Tuesday, October 14, 2008

Oct 14, Part 7 - Rue Monge and St-Nicholas-du-Chardonnet

We slept for about 4 hours, or at least I did. Lee may have gone for a second coffee, but I was dead to the world. Early in the afternoon, which would have been about 8:00 in the morning Oregon time, we went back into Place Maubert to start our explorations. Lee asked if there was anything on my walking tour list that included this area, and there was. It was the perfect question, because it turned out to be just the right thing for a day already half spent and us still groggy and jet-lagged. The tour started with Place Maubert, exactly where we were, and led out of the square via Rue Monge (below).

The first thing we came to was a church: Eglise St-Nicholas-du-Chardonnet. It had begun as a chapel in a field of thistles, hence its name, but it's hard to imagine that now. It's nice to be reminded about how the city grew and what it was like in earlier times. It was hard to imagine a field of thistles here now.
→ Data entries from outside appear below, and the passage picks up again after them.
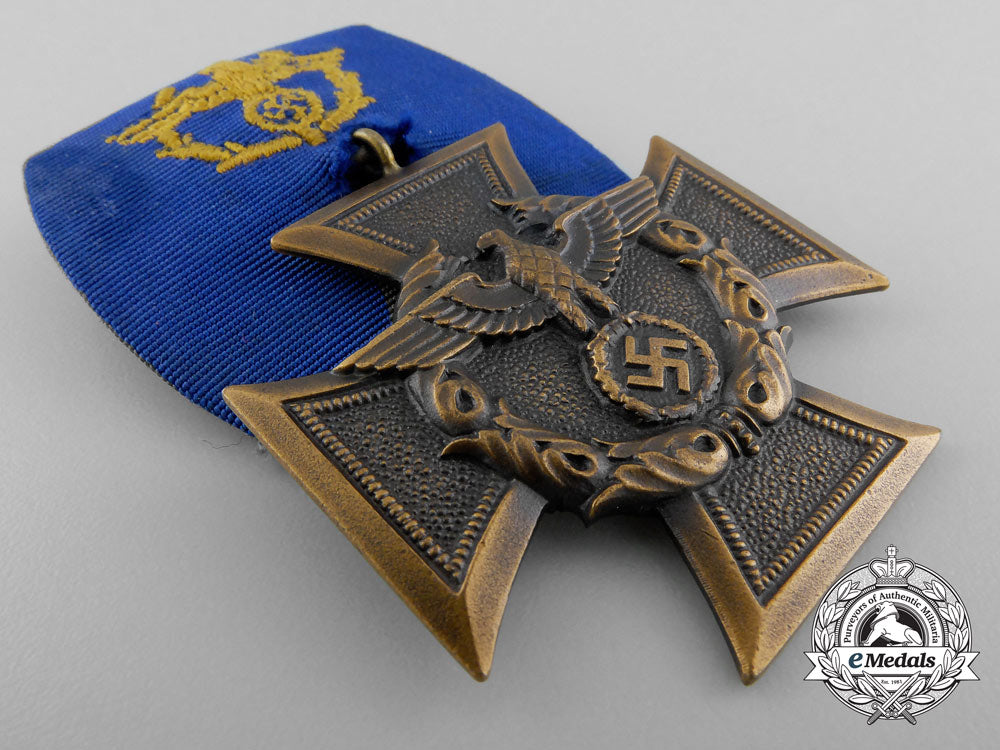 a_german_customs_service_decoration;_court_mounted_a_6720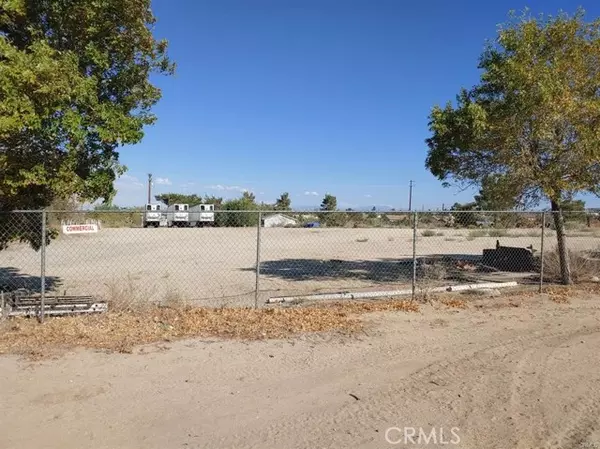 Phelan, CA 92371,4175 Warbler RD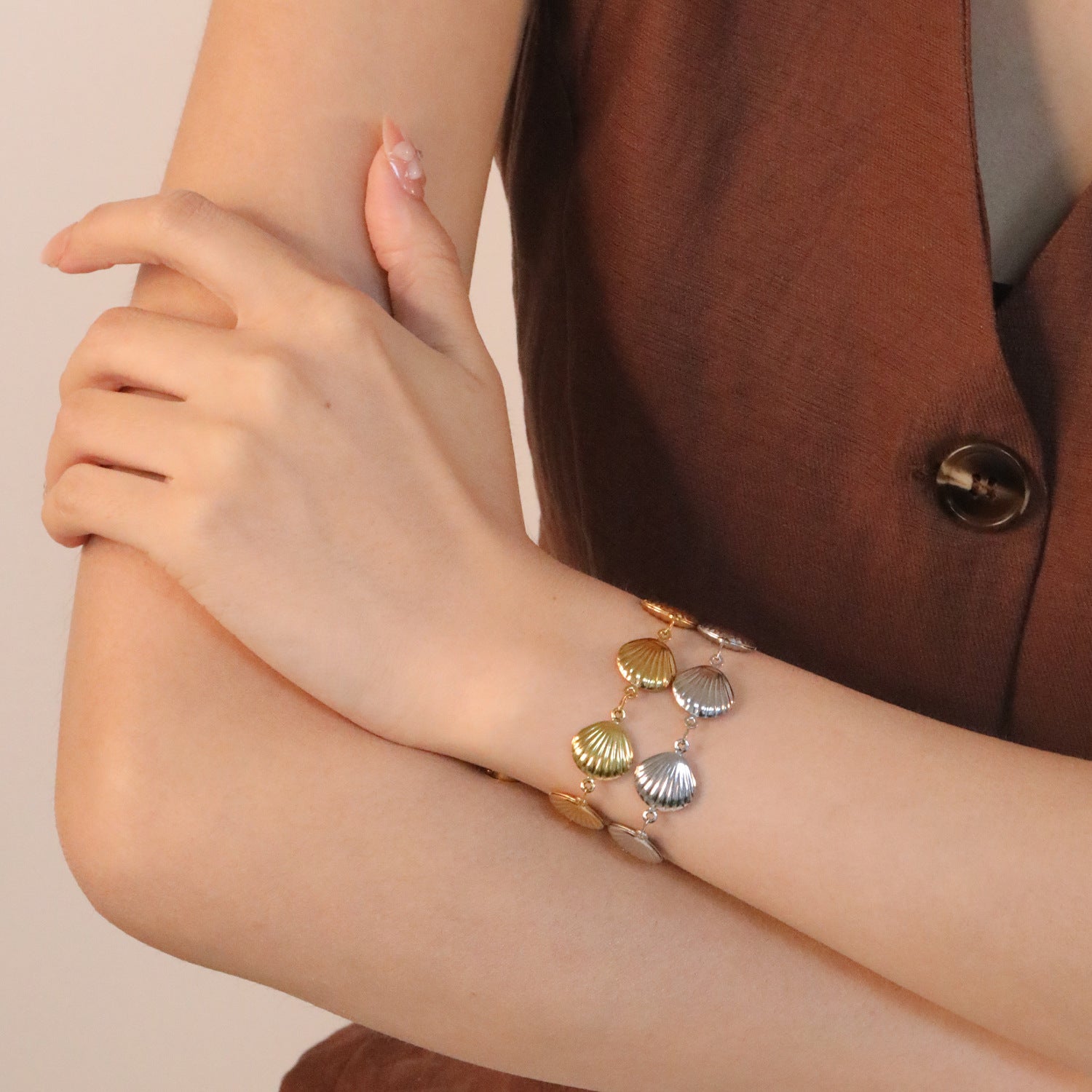 Damen Armband mit Muschel-Design aus hochwertigem Edelstahl Shop Nory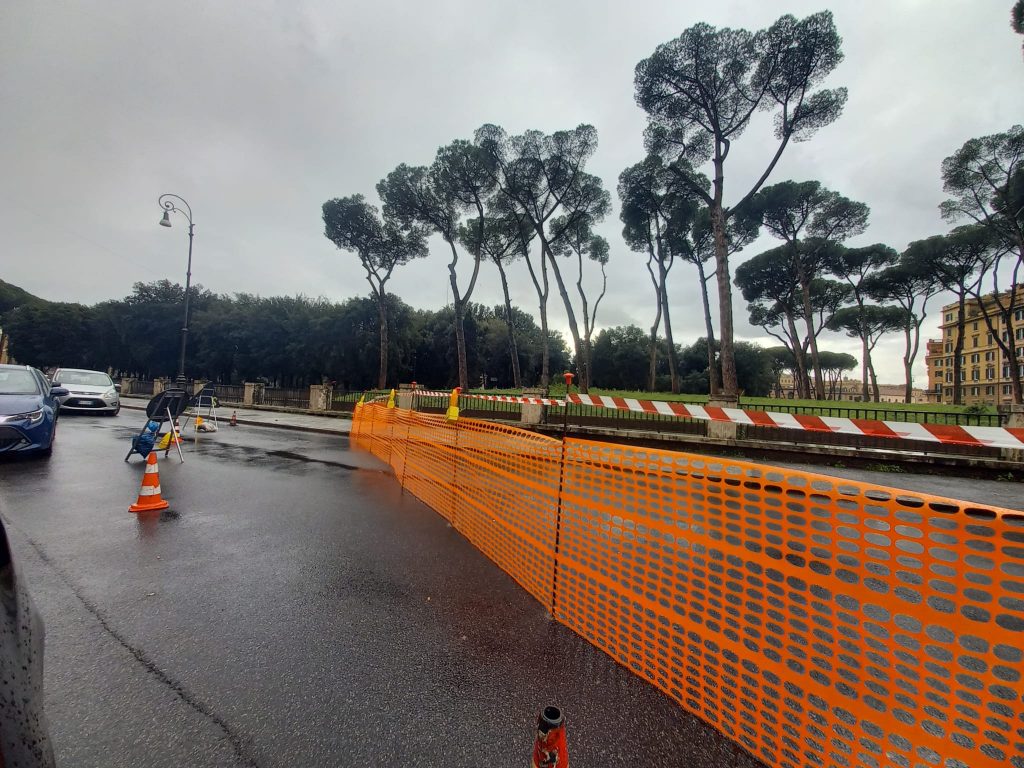 Restringimento di carreggiata in piazza Adriana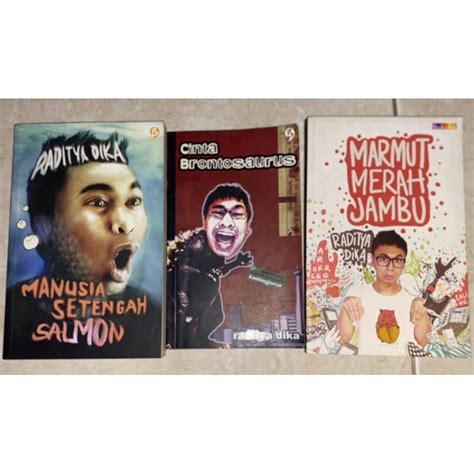 Jual Novel Raditya Dika Manusia Setengah Salmon Cinta Brontosaurus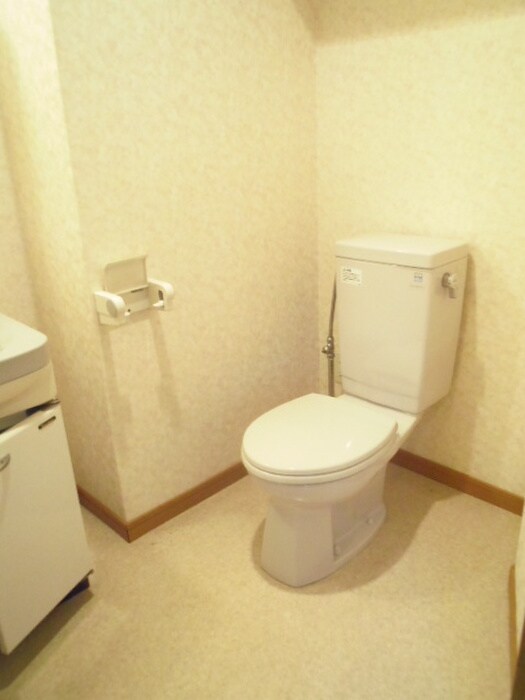 物件内観写真11　(トイレ)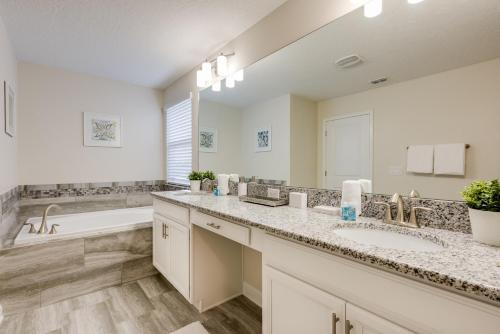 Villa Stunning 5 Bedroom Home At Storey Lake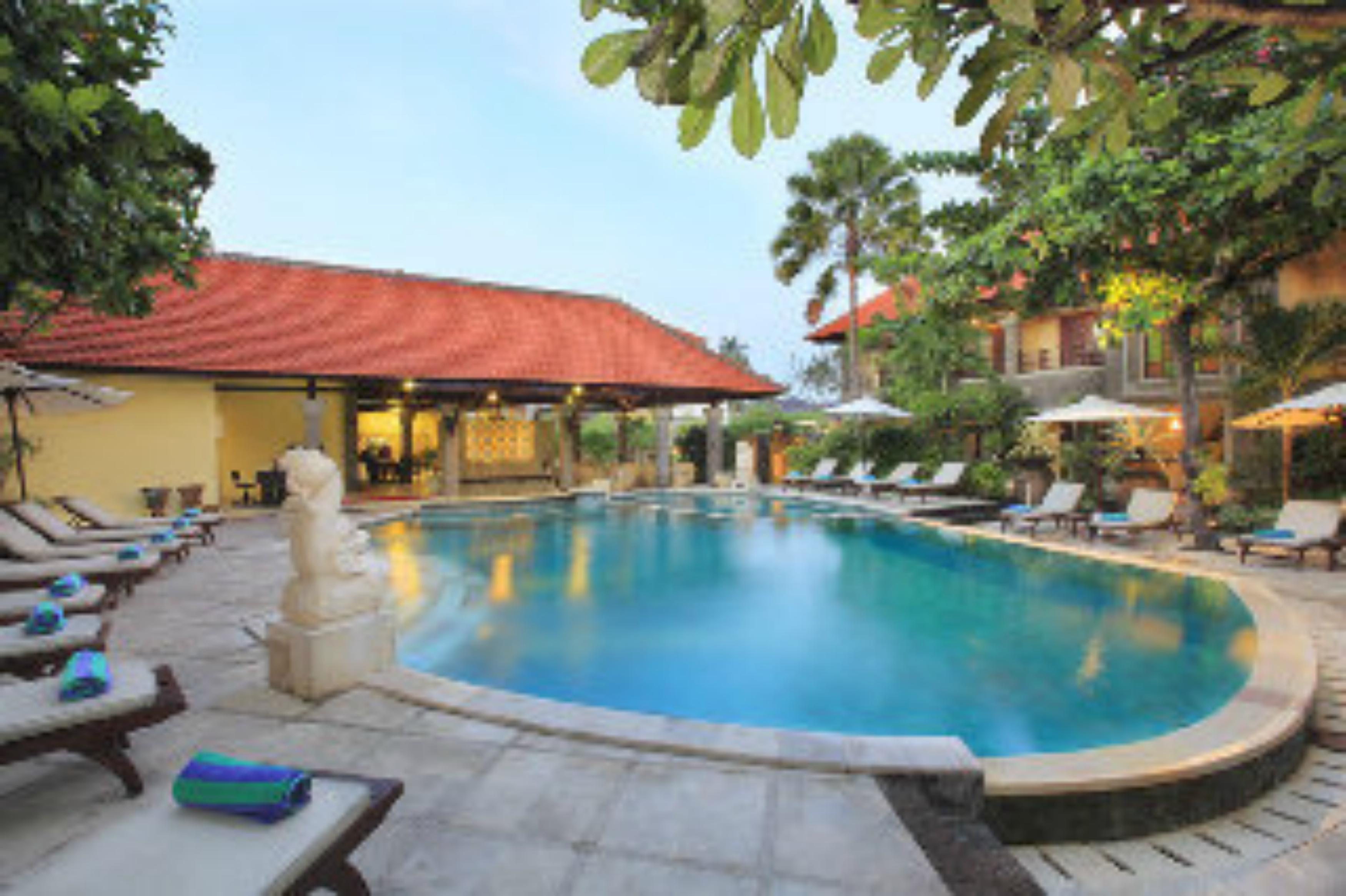 Adhi Jaya Hotel Kuta Lombok Eksteriør bilde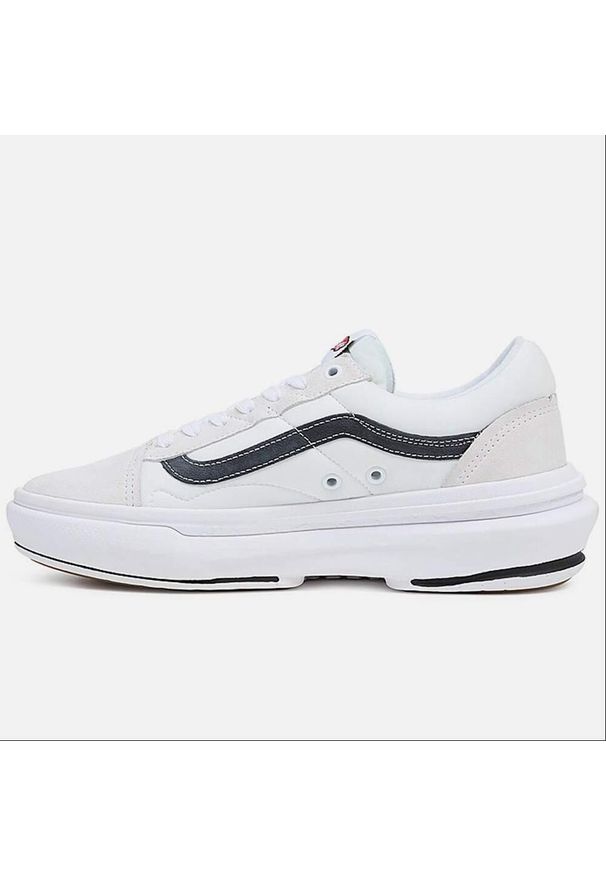 Buty do chodzenia męskie Vans Old Skool Overt. Kolor: biały. Materiał: tkanina, materiał, skóra, syntetyk. Szerokość cholewki: normalna. Model: Vans Old Skool. Sport: turystyka piesza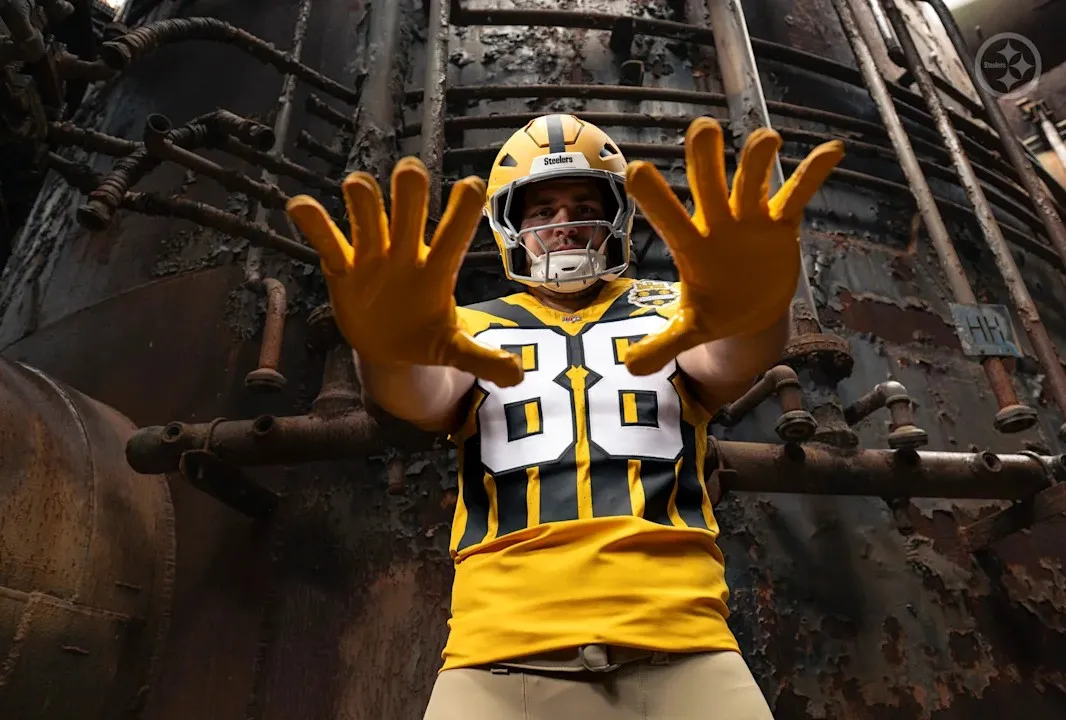 Steelers Unveil New Throwback Uniform for 2025 NFL Season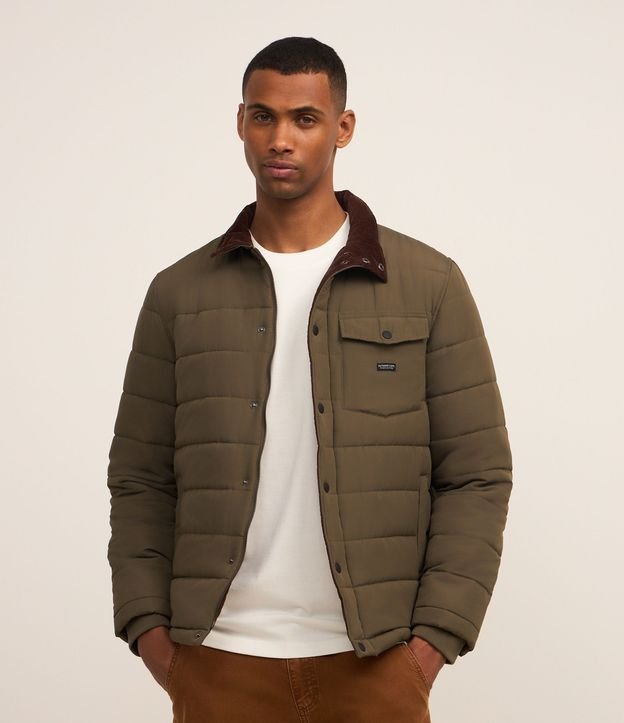 Campera Puffer con Cuello Alto Aterciopelada y Bolsillo Cargo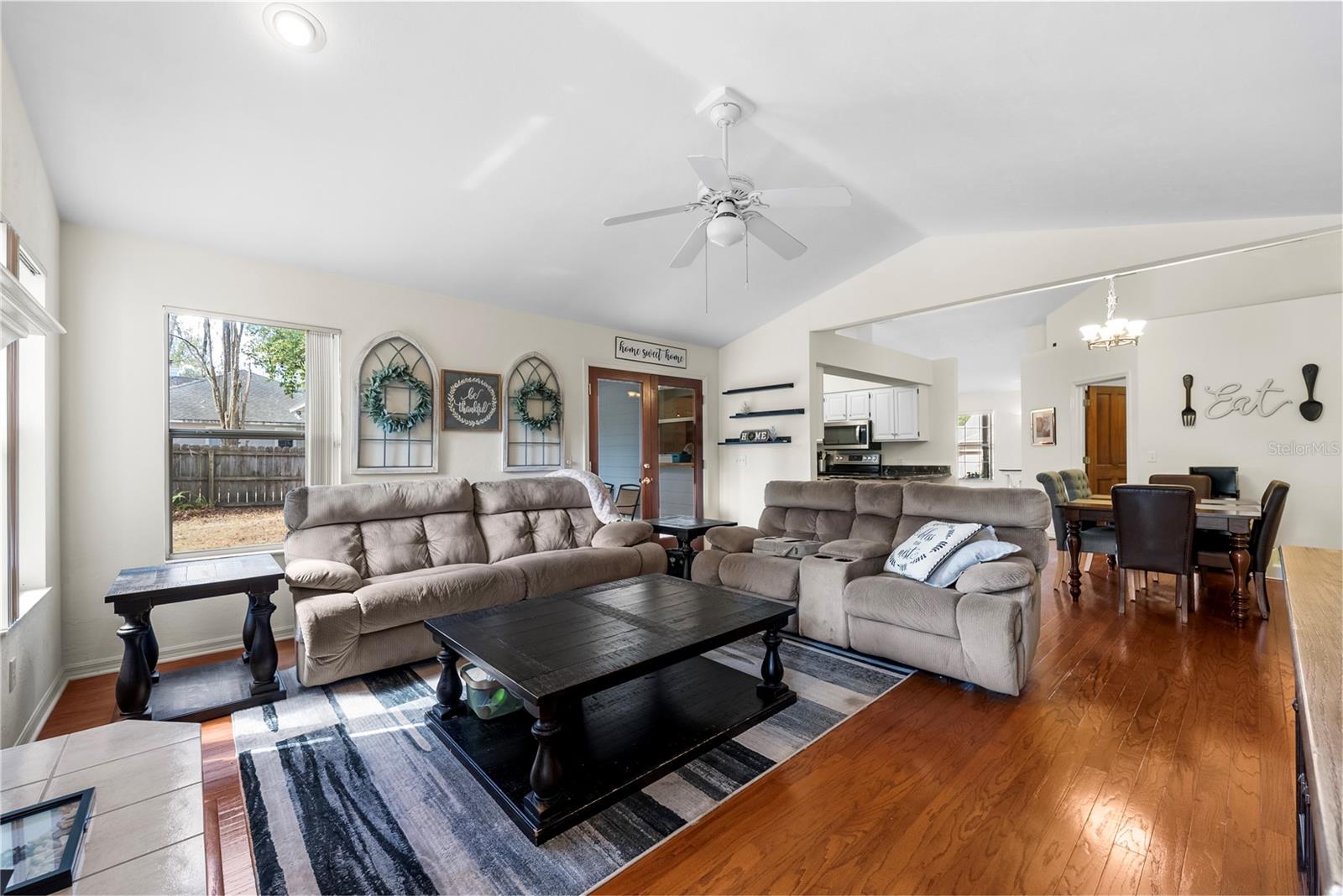 Image 13 of 33 For 11409 8th Place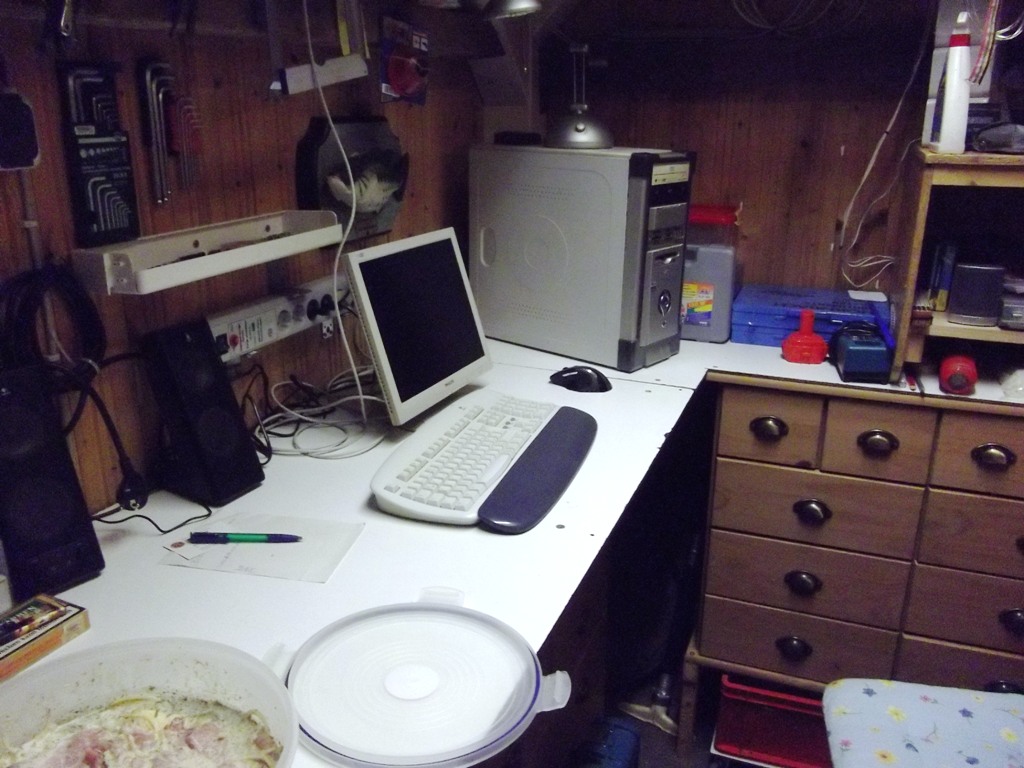 Outdoorroom.JPG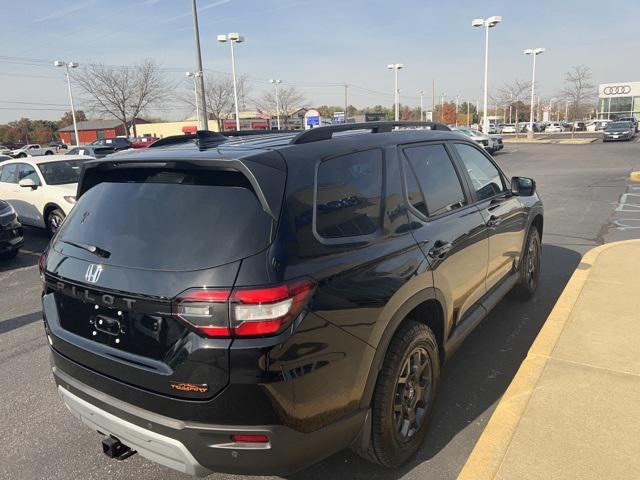 new 2025 Honda Pilot car, priced at $52,592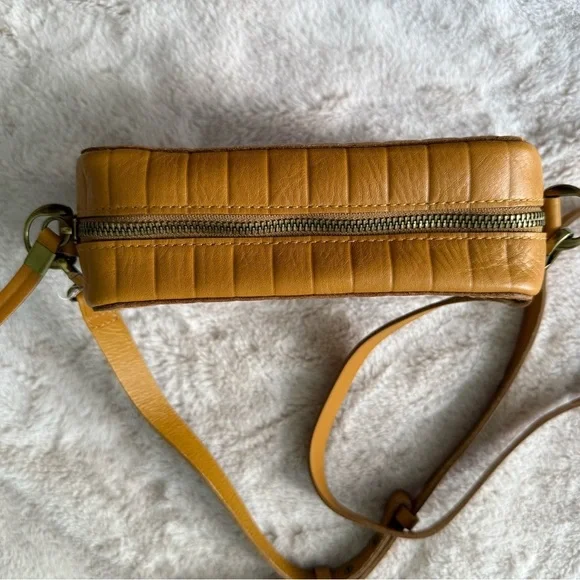 NWT Madewell The Transport Leather Camera Bag: Bubble Pleat Edition - Picture 8 of 12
This church is mostly Renaissance - it's kind of blobby-looking and also hard to photograph from most of its angles, unless maybe you cross the street, which we didn't do.

Here's another view from the side, with the front being on the right. It's hard to see from this picture, but the thing near the right of the photo with the big vents in it is actually a tower built in 1625. It took until 1934 to finish the church. Here are some links that show the outside better. On Wikimedia Commons you can clearly see that this is a tower. And here's another view from the front, and a nice image of the famous door on the Rue des Bernardins designed by Charles Le Brun, who lived nearby and may have been the most famous Parisian artist of his time.

One thing I like about walking in the old parts of Paris is that the city has these informational placards everywhere there's something they want you to know about. They're shaped like the oar of a boat (a symbol of the city) and they are, of course, in French. Lee did a good job of deciphering most of them, and I took photos to try and read the info later with a dictionary. I wasn't the only one taking pictures of them. Sometimes I had to take a pic from the side, because someone, or more than one person, was already in front, reading or just as often taking a photo. Sometimes people snapped photos of them over my shoulder. I wasn't the only geek. There must be thousands of these photos on peoples' hard drives or CD collections by now. There was one I did not take a picture of, because a homeless guy was camped under it and I didn't really want to lean over the guy, but that was later on the Right Bank. I guess I could have backed up and used a long lens, but I was exhausted from walking at that time, and ten more steps felt like a marathon. But, back to St. Nicholas.

The inside was nice, but it didn't seem that spectacular. My notes were incomplete, so I wasn't sure which bay to look in for the most famous art. Charles Le Brun had decorated his mother's tomb with a painting, and in turn he had been buried here and a sculpture by the ultra-famous Parisian artist Coysevox decorated his tomb. All this made sense to me when I realized that Le Brun's house was only a block or so from here, and this was the church he attended. Later we saw paintings by Delacroix in a church that was in his neighborhood. You know, when you read the guidebooks or art books, it sometimes seems that the artists just went about salting their art throughout everywhere, and I'm sure sometimes this is true, but when you put the pieces of the puzzle together geographically or chronologically, it shows a picture you don't see from the loose fragments.

This organ casing is supposed to be notable. I tried to get a photo of the flying angel on the right with the trumpet, but it came out blurry.

This photo of St-Nicholas is from the rear (apse end) on the Boulevard St-Germain and Rue des Bernardins. I think it's the nicest view of the church from up close, and shows its "Baroqueness" to its best effect.